Multi-project data platform demonstrating production patterns used in real data engineering work.
Streaming ingestion with Redpanda (Kafka), medallion-layer transformations with dbt, polyglot implementations in Python and Go, and a hybrid-cloud bridge to BigQuery.
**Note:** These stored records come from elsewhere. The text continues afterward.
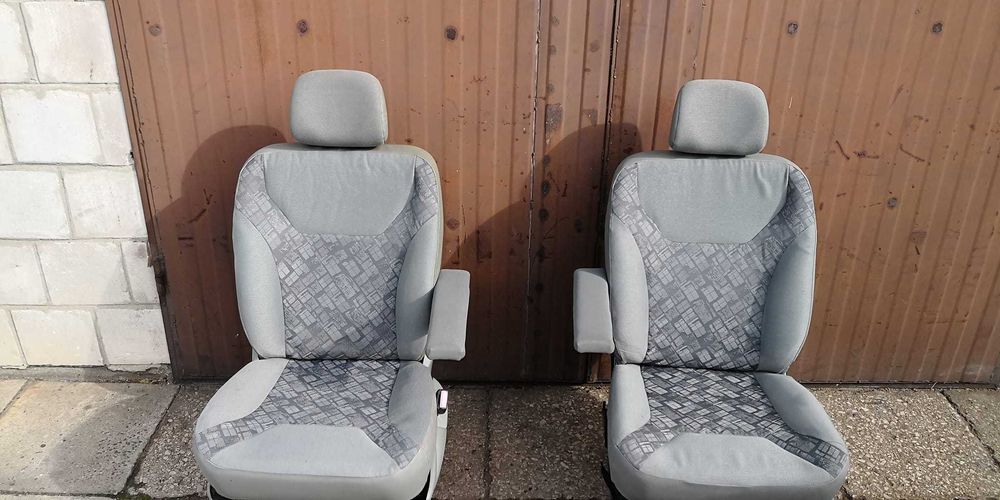 Fotel Vivaro Trafic kierowcy  Ławka  . Podłokietnik. IDEALNY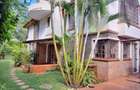 5 Bed Townhouse with En Suite at Lavington Green Area. - 1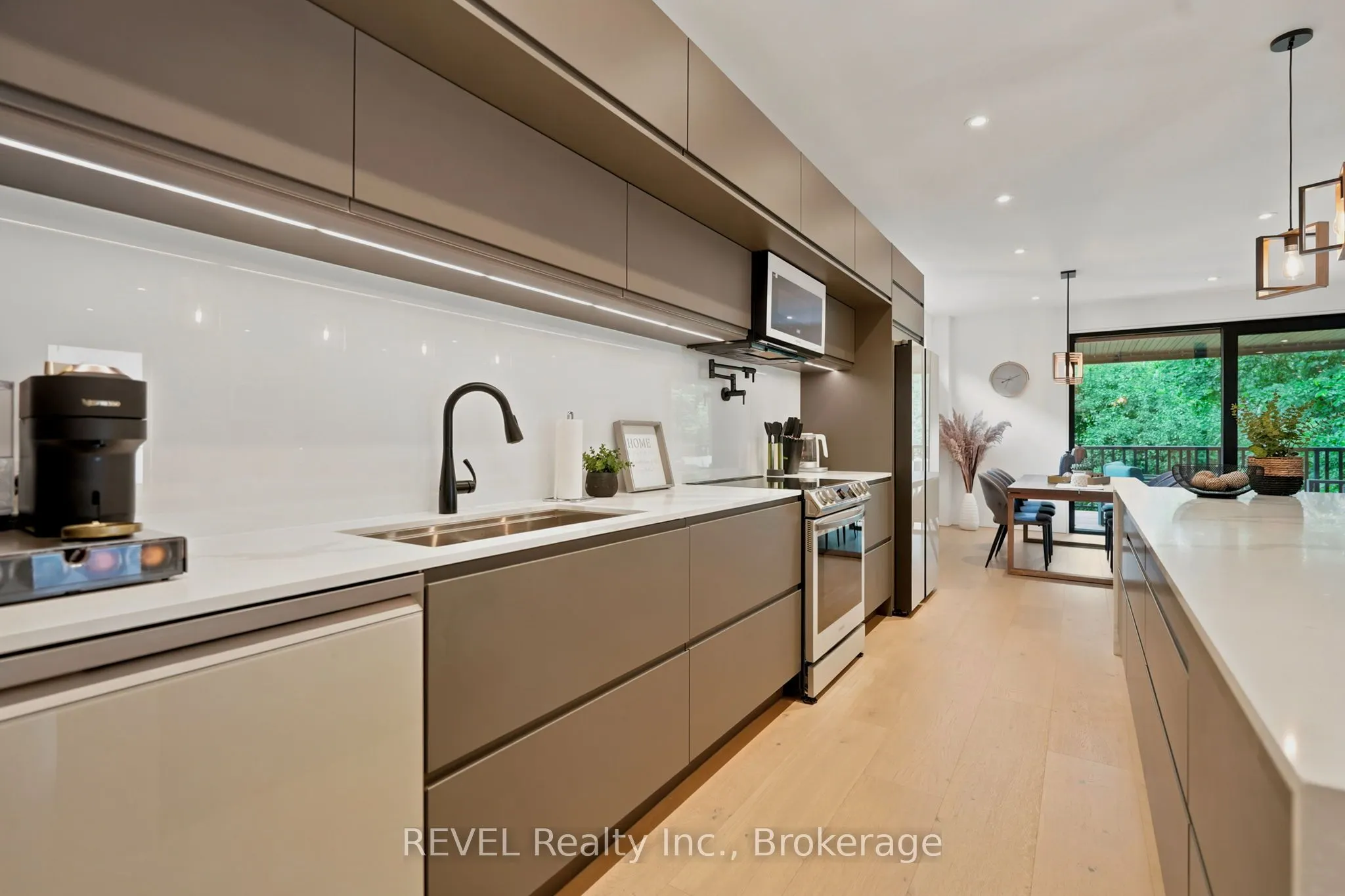 81 Mackenzie King Avenue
Every project is self-contained, runs locally via Docker, and mirrors patterns from client work at retail and SaaS scale.
Live CV · Portfolio · LinkedIn
data-platform/
├── foundation/ # Shared infrastructure (Docker services)
│ ├── docker-compose.yml # PostgreSQL, Redpanda, Redis
│ └── shared/ # Reusable libraries (messaging, database, models)
│
├── warehouse/ # BigQuery + dbt medallion (staging → intermediate → marts)
│ └── models/
│ ├── staging/ # stg_events — source normalization + country null-fix
│ ├── intermediate/ # int_events — bot detection, PPP pricing, country backfill
│ └── marts/ # mart_funnel, mart_campaign_performance, mart_session_stats
│
├── projects/
│ ├── ecommerce-dbt/ # Python — Kafka → PostgreSQL → dbt
│ ├── go-ecommerce/ # Go — direct port of ecommerce-dbt for shadow deployment
│ ├── go-marketing-analytics/ # Go — multi-source marketing platform (GA4 + CRM + Ads)
│ └── hybrid-cloud-bridge/ # Python + GCP — GCS → BigQuery via Cloud Functions
│
├── scripts/ # Setup, verification, and quality check scripts
└── tests/ # Unit and integration tests
flowchart TB
subgraph Foundation["Foundation (Docker)"]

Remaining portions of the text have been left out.